As well, Fest is very clear in Hitler: A Career that Hitler, at first a ruthless, wily politician very much aware of the empty, showboating nature of not only the National Socialist's pipedreams about Aryan superiority but also his own carefully designed persona, rapidly descended into madness, believing his own hype and accepting the German people's placement of him as a demigod as fact, and not the result of calculation. This would be his downfall, for when he assumed increasing control over the military (taking credit away from his generals who won his early battles), his Reich quickly crumbled, and the German people finally woke up from their self-induced hysteria to see the utter ruin they and Hitler had caused.

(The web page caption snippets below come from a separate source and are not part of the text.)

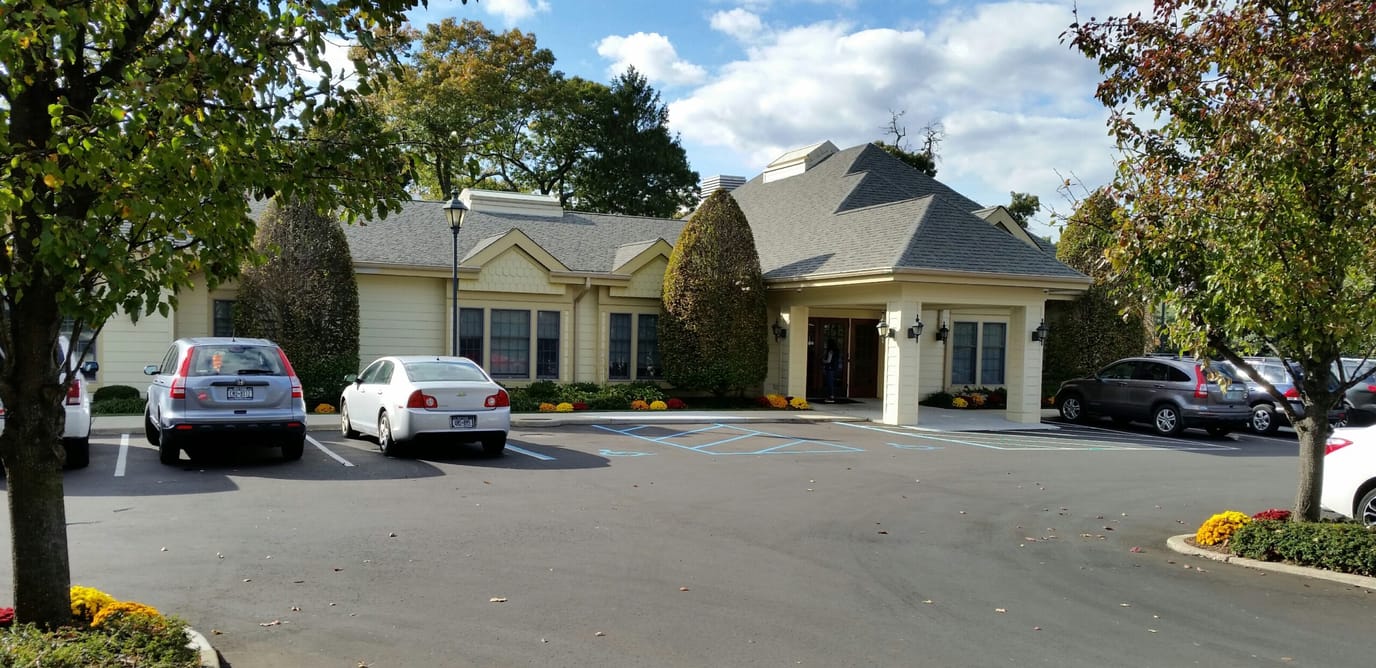 Exterior view of a senior living facility with cars parked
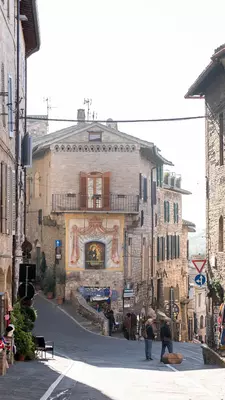 A streetscape in Assisi. Stone buildings line a cobblestone lane.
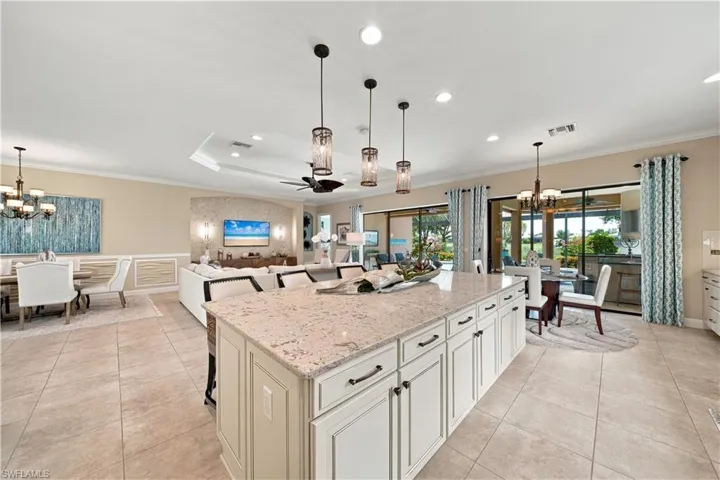 Spacious open-concept interior featuring a large kitchen island with a light-colored countertop, recessed lighting, and tile flooring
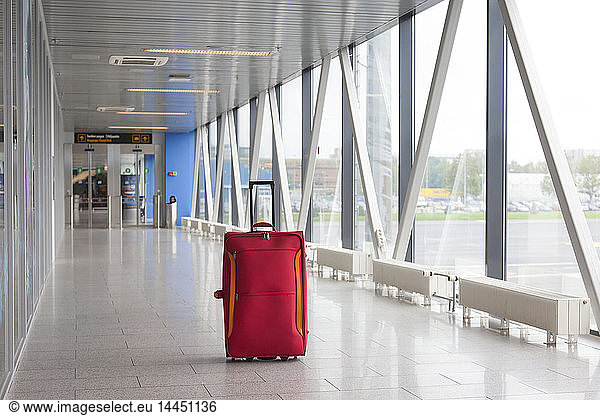 Suitcase in empty airport corridor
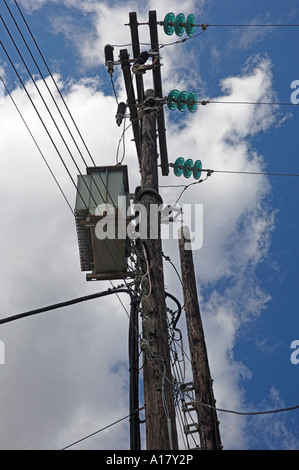 Three phase transformer and power lines with glass insulators on wooden support poles Village of Lefkes Island of Paros Greece Stock Photo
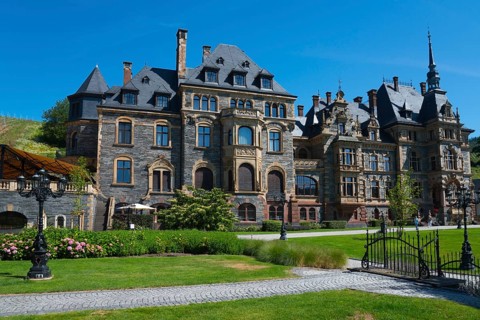 An imposing castle with historic architecture stands in a well-tended park under a blue sky, Lieser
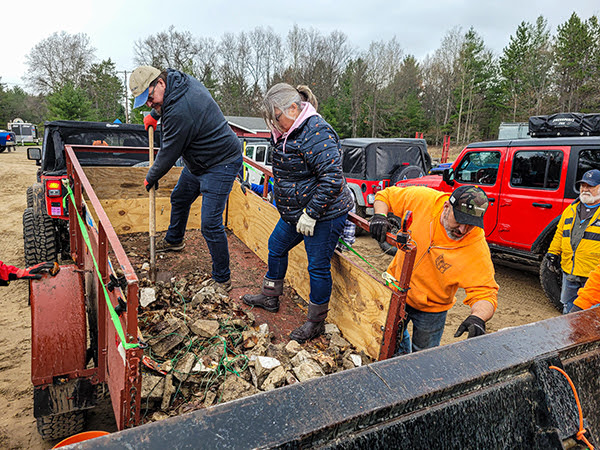 Earth Day cleanup volunteers bring trash to a dumpster.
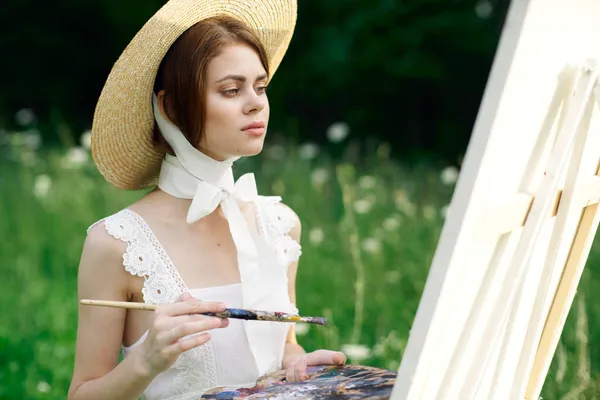 Kadın ressam görünümlü boya paleti doğada bir resim çizer. — Stok fotoğraf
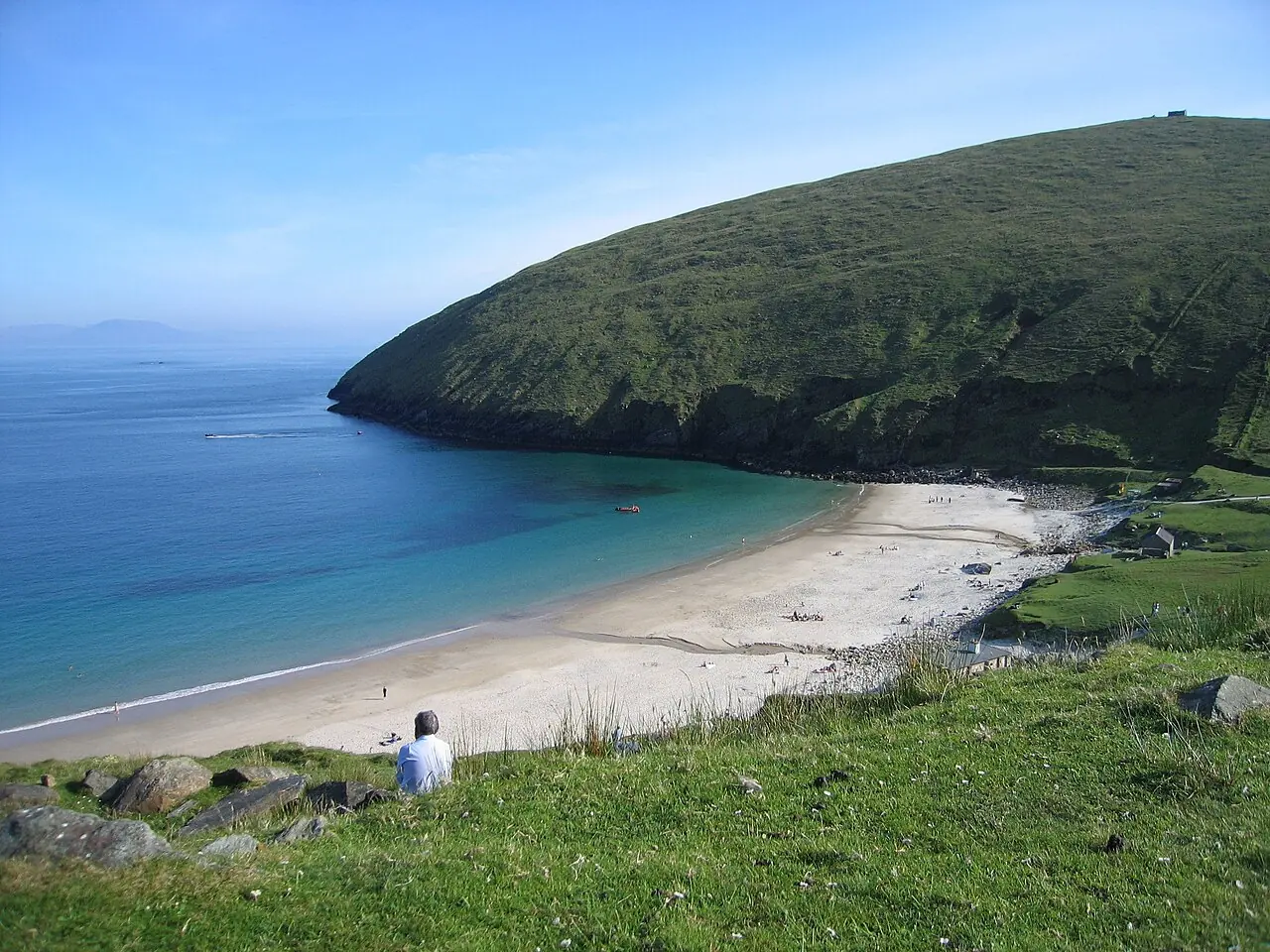 Keem’s sandy horseshoe bay beneath a steep green hillside.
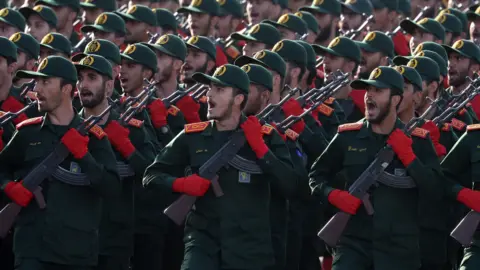 A picture of soldiers in a dark green uniform and red gloves. 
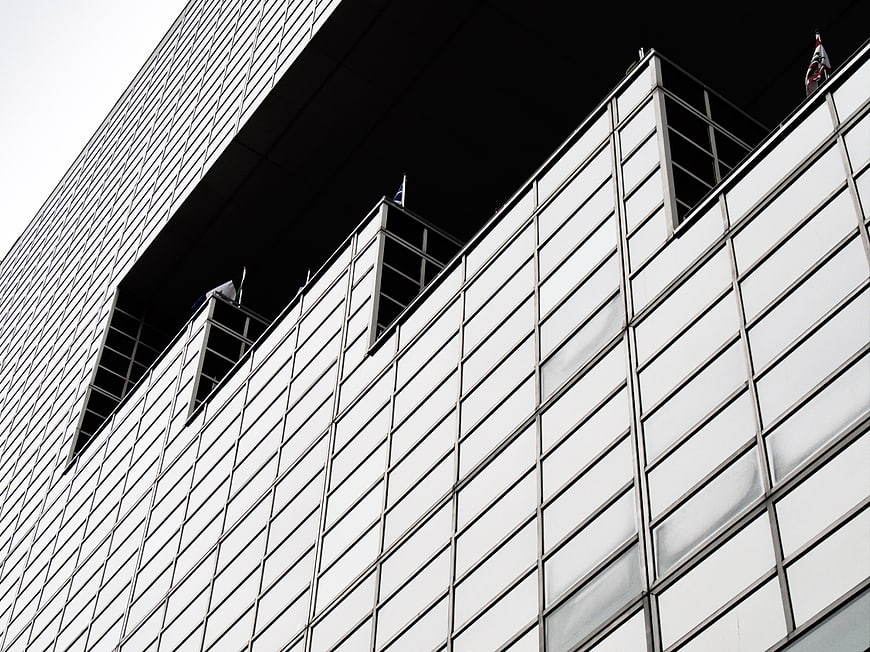 Modern Glass Office Building Facade with Diagonal Perspective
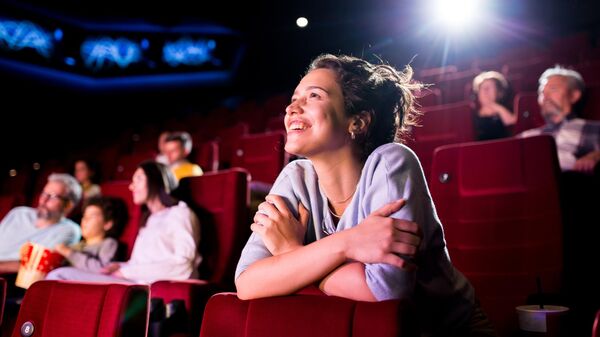 Девушка смотрит фильм в кинотеатре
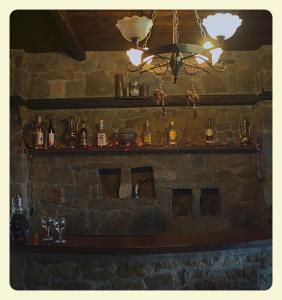 a bar with a stone wall with bottles and a chandelier at Voreas Hotel in Kato Loutraki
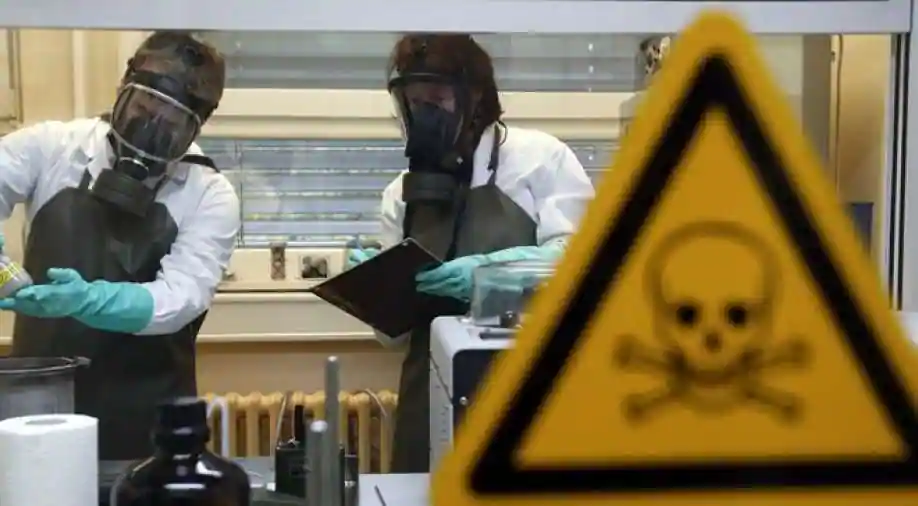 Two workers wearing bio-security gear and taking notes behind a warning sign. File photo.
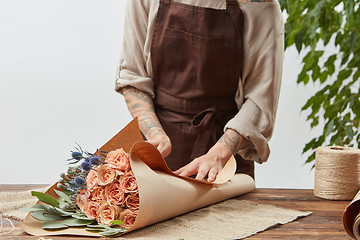 Image showing Florist woman is wrapping fresh rose bouquet in a decorative paper on a wooden table on a light wall background. Process step by step. Mother\'s Day holiday.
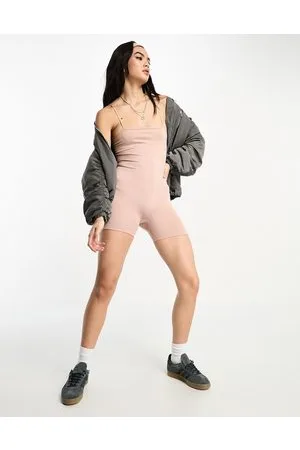 Bershka Tuta aderente rosa pallido senza cuciture con scollo dritto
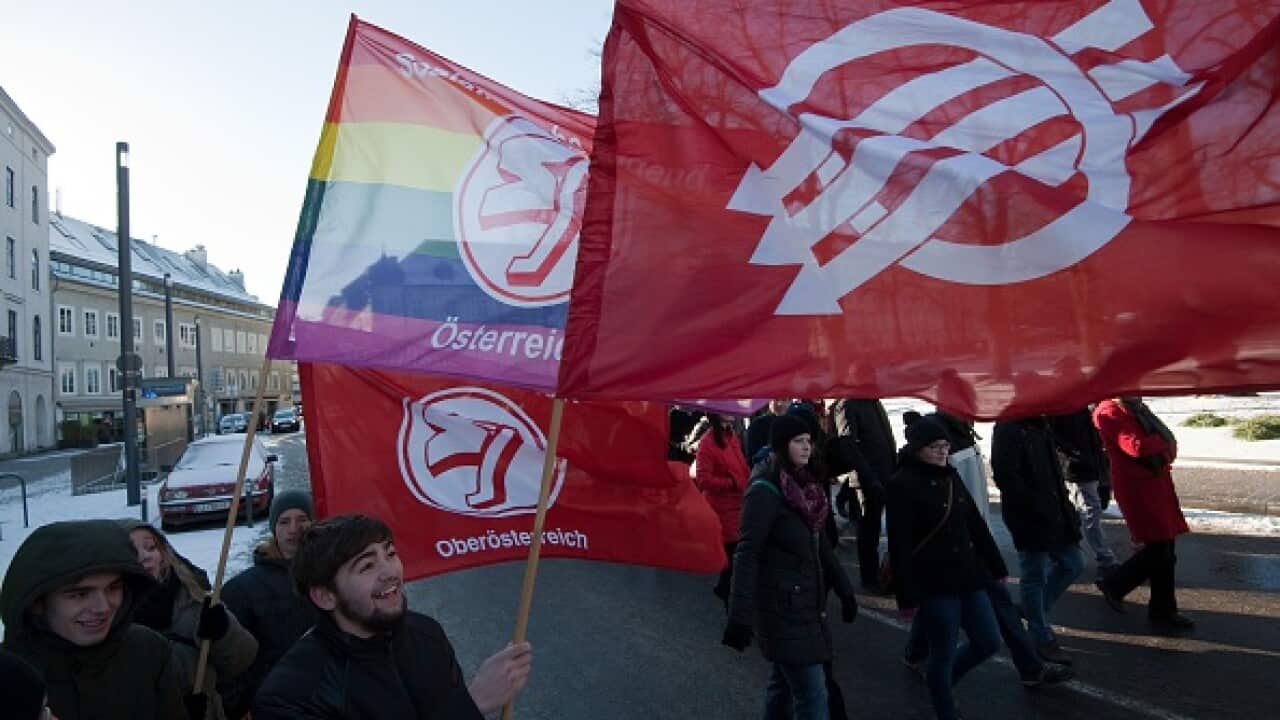 Countermarchers protesting against PEGIDA (Patriotic Europeans Against the Islamisation of the Occident) hold up flags as they demonstrate against a rally of the right-wing populist Pegida movement in Linz, Austria (AFP PHOTO / SAMUEL KUBANI)     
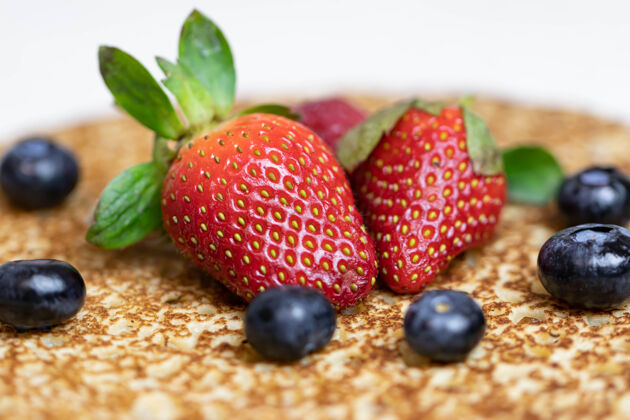 夏季成熟多汁的草莓和蓝莓躺在美味的煎饼上俄罗斯料理国家菜 带新鲜浆果团体蓝莓薄饼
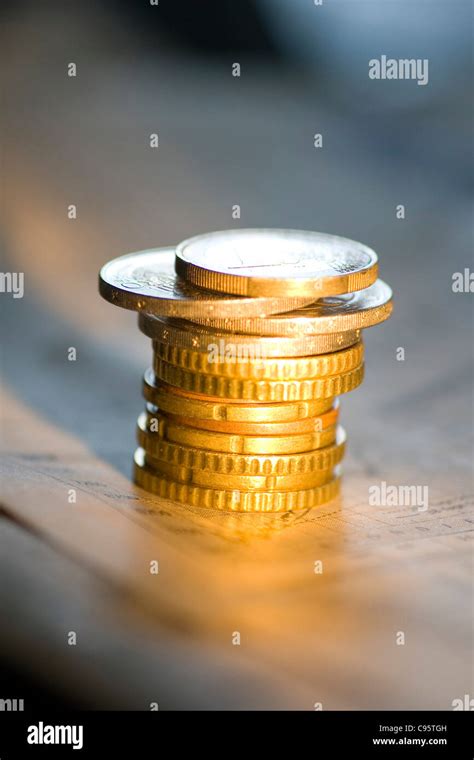 Pile Of Euro Coins On Newspaper Stock Photo Alamy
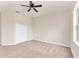 Bedroom features carpet, closet, ceiling fan and large window to let in plenty of natural light at 4307 70Th E Ave, Ellenton, FL 34222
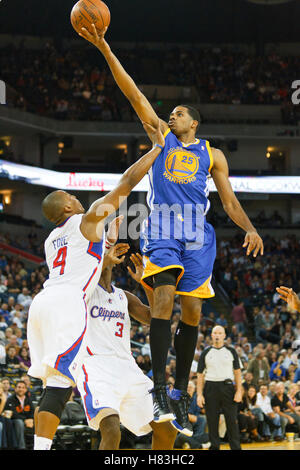 October 29, 2010; Oakland, CA, USA;  Golden State Warriors small forward Rodney Carney (25) is fouled by Los Angeles Clippers guard Randy Foye (4) while shooting during the fourth quarter at Oracle Arena. The Warriors defeated the Clippers 109-91. Stock Photo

Hitler: A Career is very definitely of its time. Fest's narration, read by Stephen Murray, eschews a scholarly drone to appeal directly to the viewer's emotions. Fest believes what he's writing, and he sees no need to be wishy-washy about it. As well, the actual construction of the documentary by director Christian Herrendoerfer, is entirely in keeping with documentary fashions of the time. The score is bombastic and expressive; the silent footage is enhanced with sound effects, and the editing is assembled for emotional impact - and quite brilliantly, too. There's an amazing moment in Hitler: A Career, and it only lasts a few seconds, but it's one of the most frightening images of Hitler I've ever seen on film. Fest's narration is describing how Hitler, ever the empty non-entity, fanatically studied others to create his own persona, including carefully watching military figures to craft an impressive authoritative bearing of his own. At this point, director Christian Herrendoerfer inserts a brief clip of Hitler, surreptitiously eyeing a soldier standing next to him. It's a decidedly creepy moment, displaying the naked, calculating perversity of this murderous cipher.
Paul Mavis is an internationally published film and television historian, a member of the Online Film Critics Society, and the author of The Espionage Filmography.